If not now, then surely not in a too distant future.
Claude is already able to find CVEs on expert level.
shimman 45 minutes ago [-]
A talk given by an employee that stands to make millions from Anthropic going public, definitely not a conflict of interest by the individual.
muskstinks 42 minutes ago [-]
I didn't say "watch this without critical thinking".
The chance this is completly fabricated though is very low and its an highly interesting signal to many others.
There was also a really good AI CTF Talk at 39c3 hacker conference just 4 month ago.
ale 2 minutes ago [-]
But you did say “Claude is already able to find CVEs on expert level.”
pama 28 minutes ago [-]
It is by the individual who (also with Claude) found the specific vulnerability used in this exploit.
47 minutes ago [-]
Bender 30 minutes ago [-]
Claude is already able to find CVEs on expert level.
Does it fix them as fast as it finds them? Bonus if it adds snarky code comments
ogig 3 hours ago [-]
Setting up fuzzing used to be hard. I haven't tried yet, but my bet is having Claude Code, today, analyze a codebase and suggest where and how to fuzztest it and having it review the crashes and iterate, will produce CVEs.
Cloudef 3 hours ago [-]
You can let agent churn unattended if you have some sort of known goal. Write a test that should not pass and then tell the agent to come up with something that passes the test without changing the test itself.

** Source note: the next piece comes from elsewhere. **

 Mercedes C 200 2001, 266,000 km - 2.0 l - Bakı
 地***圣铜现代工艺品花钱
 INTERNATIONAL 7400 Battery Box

For this kind of fuzzing llms are not bad.
vinnymac 2 hours ago [-]
When doing this remove write permissions on the test file, it will do a much better job of staying the course over long periods. I've been doing this for over a year now.
fragmede 5 hours ago [-]
> Credits: Nicholas Carlini using Claude, Anthropic
Claude was used to find the bug in the first place though. That CVE write-up happened because of Claude, so while there are some very talented humans in the loop, Claude is quite involved with the whole process.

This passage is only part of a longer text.